- _Assignment_
Reproduce the entire listing exactly. Leave the pictures out.

- _Given information_
=-=-=-=-=
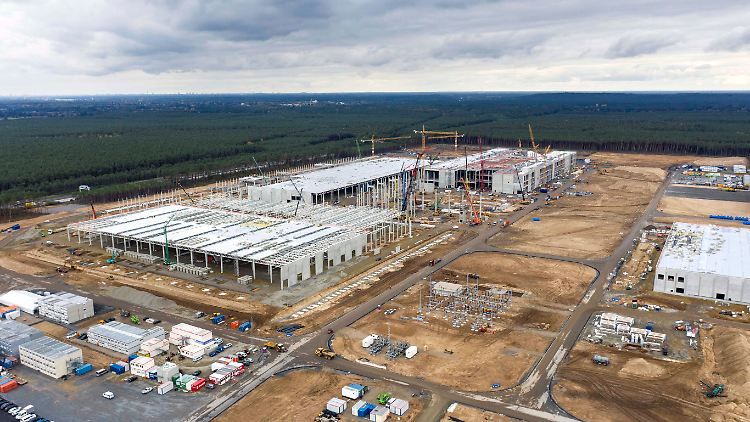 Tesla wird nach Ansicht von Experten ein Wachstumsmotor für die ganze Region.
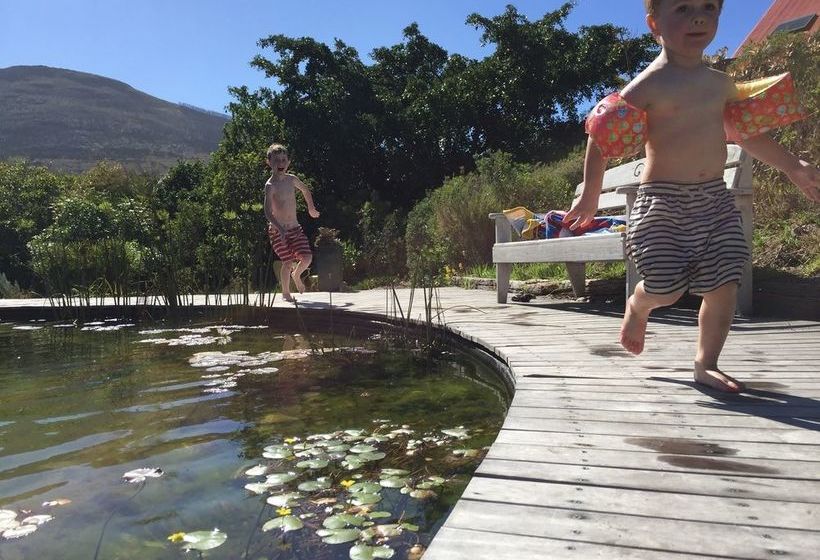 Leopardstone Hill 14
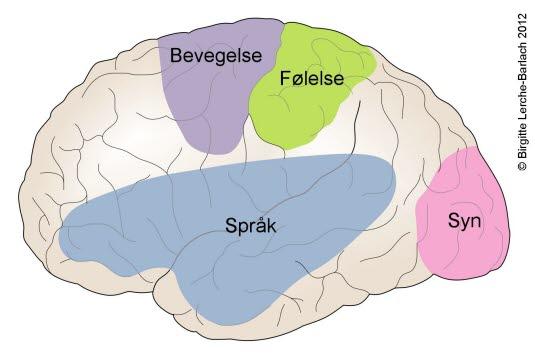 Hjerne - funksjonsområder Hjerne - funksjonsområder
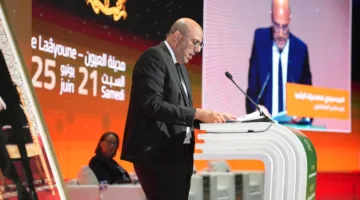 ولد الرشيد: استمرار دعم الحكم الذاتي يعزز الحل العلمي للنزاع المفتعل في صحرائنا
=-=-=-=-=
- _Expected output_
 Tesla wird nach Ansicht von Experten ein Wachstumsmotor für die ganze Region.
 Leopardstone Hill 14
 Hjerne - funksjonsområder Hjerne - funksjonsområder
 ولد الرشيد: استمرار دعم الحكم الذاتي يعزز الحل العلمي للنزاع المفتعل في صحرائنا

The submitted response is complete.